Dinesh Sathyamoorthy
Research Officer
Science & Technology Research Institute for Defence
Malaysia

Biography
Dinesh Sathyamoorthy received the B.Eng. and M.Eng.Sc. degrees in computer engineering from Multimedia University (MMU) in 2003 and 2006 respectively, and the PhD degree in electrical & electronics engineering from Universiti Teknologi Petronas (UTP) in 2013. He is currently a research officer in the Science & Technology Research Institute of Defence (STRIDE), Ministry of Defence. He serves on the editorial boards for the Defence S&T Technical Bulletin, Malaysian Journal of Remote Sensing & GIS, and The Journal of Defence and Security, as well as reviewer for several international journals and conferences, including the Defence Science Journal, Engineering Applications of Artificial Intelligence, International Journal of Water Resources and Environmental Engineering, and the annual IEEE International Geoscience & Remote Sensing Symposium (IGARSS). He is also a committee member of the Institution of Geospatial & Remote Sensing Malaysia (IGRSM) and IEEE Geoscience & Remote Sensing (GRSS) Malaysia Chapter. His research interests include geospatial technologies and digital signal & image processing.

Abstract
Comparative Analysis of Cell- and Object-Based Local Variance for Physiographic Features Extracted from Multiscale Digital Elevation Models


While a number of methods have been proposed to study the effect of scale on intrinsic spatial attributes of terrains, from the aspect of simplicity and performance, local variance is more widely used for geospatial analysis. This paper is aimed at providing a comparative analysis of cell- and object-based local variance LV for physiographic features extracted from multiscale digital elevation models (DEMs).
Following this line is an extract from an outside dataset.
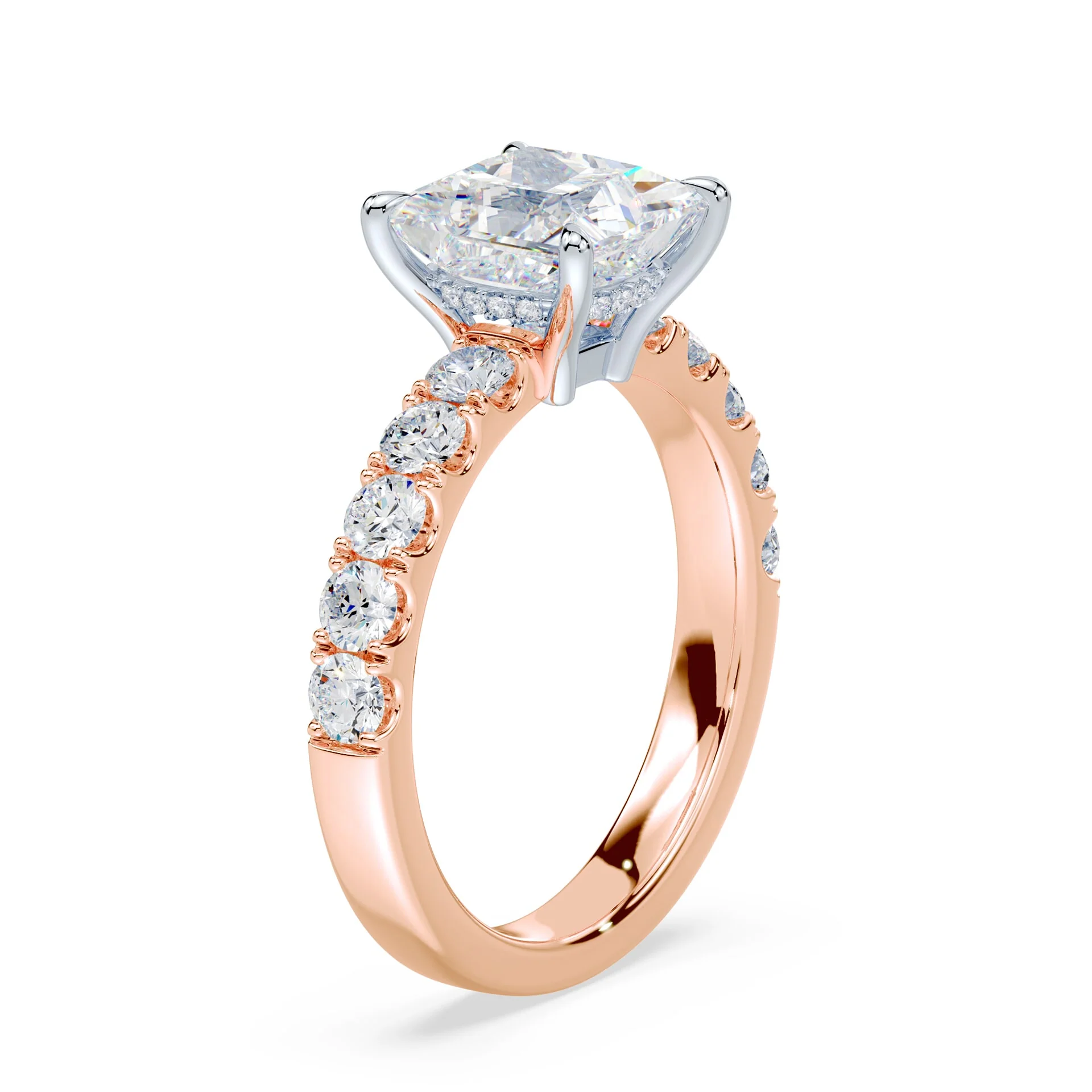 Princess Cut Low Hidden Halo Wide Pave - Image 2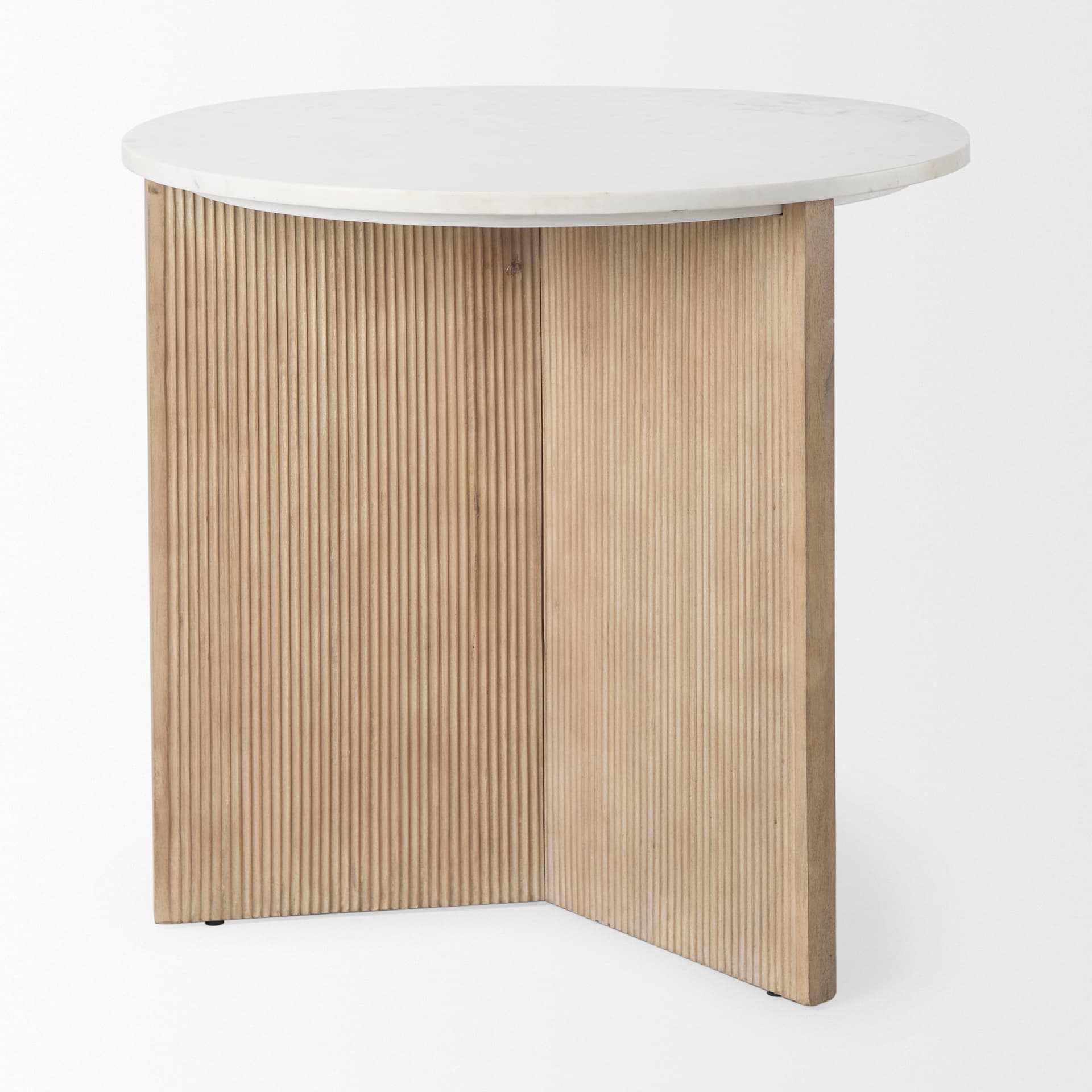 Enzo Marble Tabletop w/ Fluted Light Wood Base Foyer Accent Table — product photograph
The results obtained highlight the advantages of object-based LV over cell-based LV. LV computation using the cell-based approach does not take into account the spatial and contextual information of the cells analysed, resulting in assignment of LV values that do not quantify the change in spatial variabilities of the multiscale DEMs and corresponding physiographic features. By analysing objects rather than individual cells, the object-based approach takes into account the spatial and contextual information of the cells, resulting in LV values that accurately quantify the change in spatial variabilities of the physiographic features over the scales.